Two Thursdays ago, teaching assistants at UC Santa Barbara collected on the lawn in front of the Physical Sciences North building to demonstrate in favor of a cost of living adjustment (COLA). Later, I watched from the library as they marched past, shouting slogans with passion. It looked fairly peaceful. Some had brought their children. The idea was to stand in solidarity with TAs from UC Santa Cruz, against whom the university was threatening disciplinary action for carrying out a wildcat strike, withholding grades, and other failures to carry out their contractually obliged duties. The next day, 54 were fired by UCSC, and another couple dozen were informed that they would no longer be eligible for TAships in future.

By last Thursday, the tone at UCSB had changed. I listened through an open window on the 6th floor of Ellison Hall, roughly opposite to the library where I had been at roughly the same time of day a week earlier, as they marched past. Louder, more shrill, angrier. I learned later that a group of COLA demonstrators had blocked access to Cheadle Hall, UCSB’s main administrative building, that morning, physically barring some employees from going inside. That afternoon, I happened to be presenting to a lab group of graduate students (and two other postdocs like me) who gave some local context I found valuable; and perhaps even a sounding of what moderately minded graduate students are dealing with here. I recognize the dissonance between professional ambitions, personal desires, and expectations of group solidarity that I experienced as a new graduate student at UCLA, when a messy labor dispute blew up on the heels of Occupy.

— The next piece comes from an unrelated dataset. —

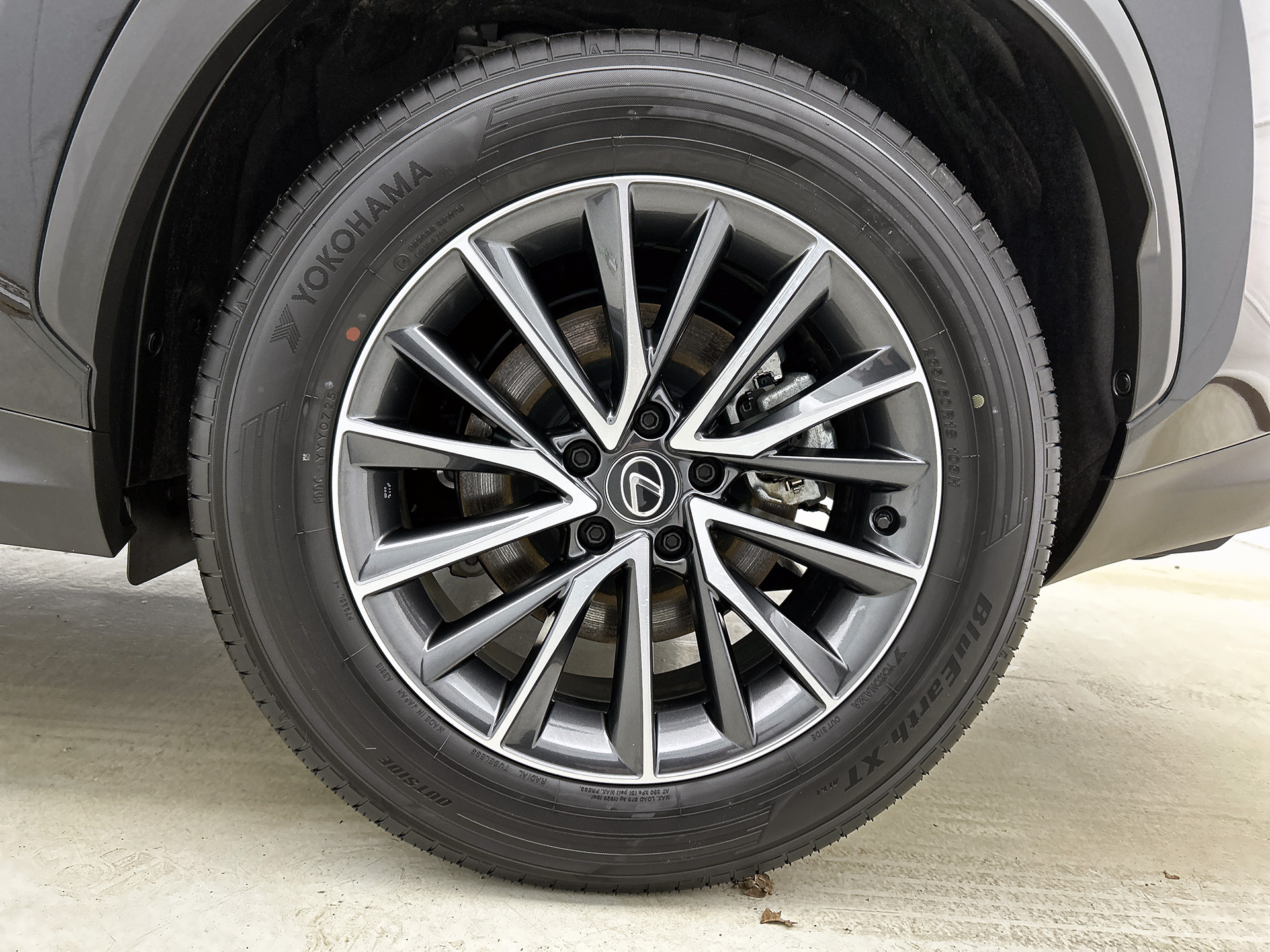 Foto van Lexus Lexus Nx450h+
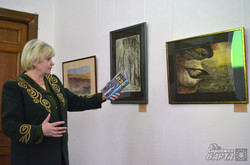 У Львові відкрилась виставка Марти Токар «Свята земля» (ФОТО)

I love the University of California. I aspired to be a part of it ever since I first set foot on Berkeley’s campus as a 16 year old tourist. I’m not certain that Californians, including the striking grad students who aim only to agitate, understand just how special it is; how unique it is for a public university to have its campuses consistently ranked among the top 10 or or 20 research universities in the world. The rankings can be silly, and fail to capture a lot of what makes a university excellent (and paper over what drags one down). But they quickly summarize the esteem in which UC scholars are held, the quality of our peers, and the size of the ecosystem in which we compete for influence and academic fame. (Oxford is nearly 1000 years old; Cambridge, 811 years old; Harvard, 384 years old; Yale, 319 years old; Princeton, 274 years old; Imperial College London, 169 years old; MIT, 159 years old. UC Berkeley is 152, and UCLA only turned 100 last summer.) No great university is spun up over a few years by fiat. The quality of the UC, and its ability to attract and retain top students and faulty, is the result of generations of hard work by its students, faculty, and staff, with serious investment from the people of California. But great universities can come apart at the seams, and quickly, if they are not adequately resourced. This is not a problem graduate students who made a sign like this are contributing to fixing, although the sign implies that they do seem to understand resources are controlled elsewhere, and not by those who work in Cheadle Hall.
It has only escalated since I started writing these things down over the weekend. There are things that a movement like COLA could get right in the UC, but I’m getting the sense that the demonstrators’ aggressive, bellicose tactics are alienating important allies. I have sympathy for them, having only recently been a graduate student and TA at UCLA; but I’d be mortified to stand next to some of those signs.